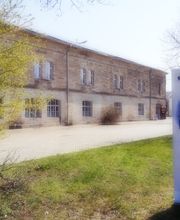 Zweistöckiges Gebäude aus Backsteinen. Davor steht ein Werbeaufsteller der WBS TRAINING.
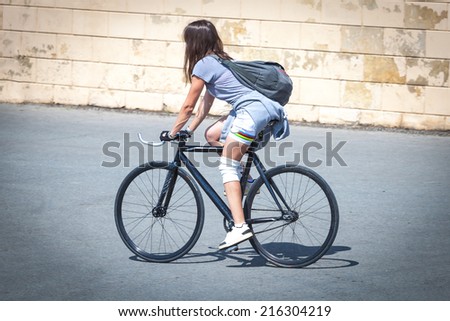 Brunette girl riding a bicycle around the city on a sunny day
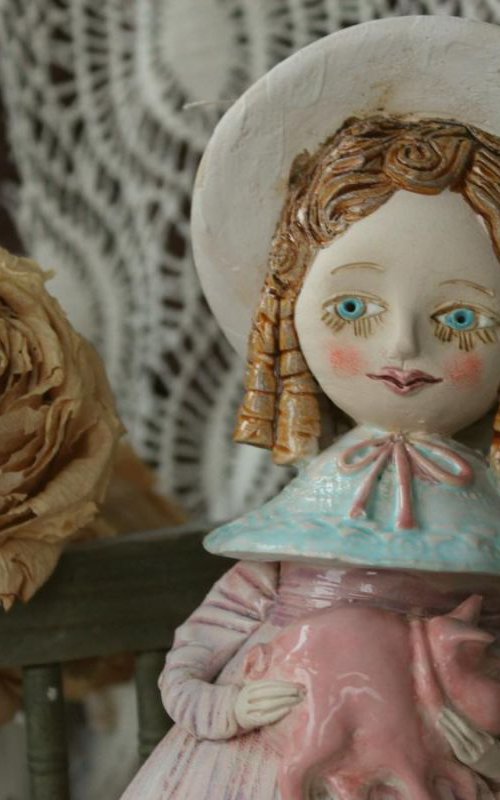 Vintage dressed girl holding a pig. Mini sculpture, unique ceramic bell doll. by Elya Yalonetski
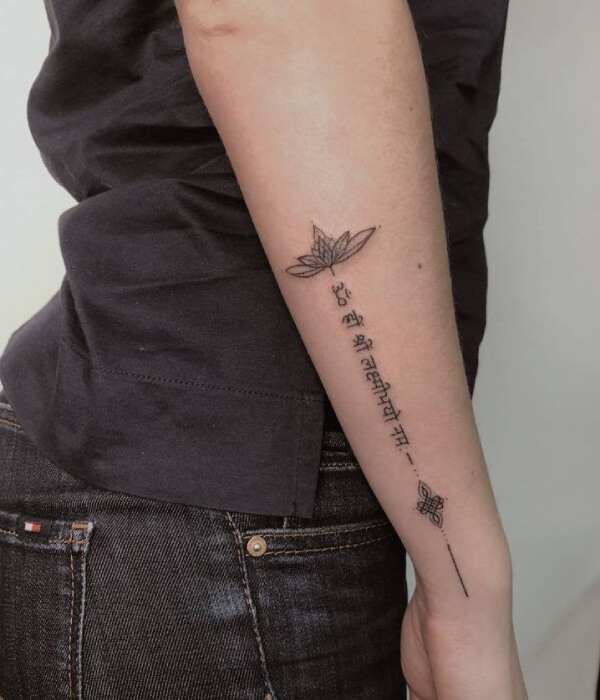 Vertical Sanskrit script name tattoo on the inner forearm, featuring Devanagari lettering with a lotus flower at the top and a minimalist symbol at the bottom, inked in fine black lines.
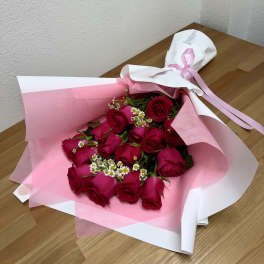 Bouquet of red roses wrapped in pink and white paper with a ribbon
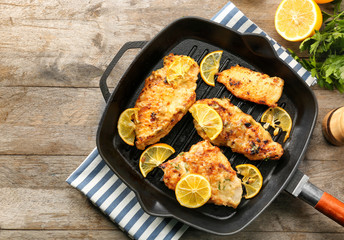Frying pan with tasty chicken piccata on wooden table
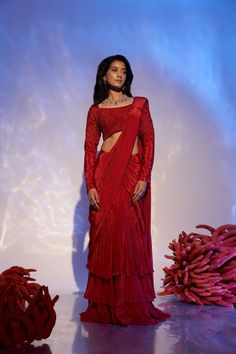 Embrace opulence with our exquisite Ruby Reef Drape Saree. Crafted from sumptuous red crepe silk, this alluring saree exudes elegance and allure. The heavy blouse adorned with intricate crystal beadwork and sparkling sequins adds a touch of glamour, making it a true statement piece. Immerse yourself in the luxurious fabric and unparalleled craftsmanship of this masterpiece, fit for a queen. Make a striking impression at any soirée or special occasion, as you gracefully drape yourself in the fine Elegant Red Silk Pre-draped Saree, Red Embellished Pre-draped Saree, Elegant Red Embellished Pre-draped Saree, Red Embellished Georgette Pre-draped Saree, Red Embellished Pre-draped Georgette Saree, Red Embellished Georgette Saree, Red Formal Blouse With Traditional Drape, Red Pre-draped Saree With Dupatta For Formal Occasions, Elegant Red Pre-draped Saree With Cutdana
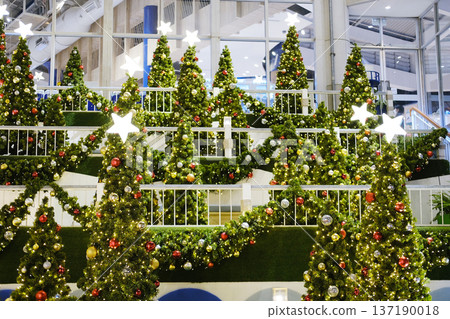 Festively decorated Christmas trees adorned with colorful ornaments and bright stars create a joyful atmosphere in a public space, enhancing the holiday spirit and inviting celebration Festively decorated Christmas trees adorned with colorful ornaments and bright stars create a joyful atmosphere in a public space, enhancing the holiday spirit and inviting celebration 137190018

======

EXERCISE DETAILS:
A verbatim reproduction is expected: starting at the line above that has "Bouquet of red", ending at the line that has "Frying pan with", both included, and with no pictures and no other lines.

EXERCISE RESULT:
 Bouquet of red roses wrapped in pink and white paper with a ribbon
Frying pan with tasty chicken piccata on wooden table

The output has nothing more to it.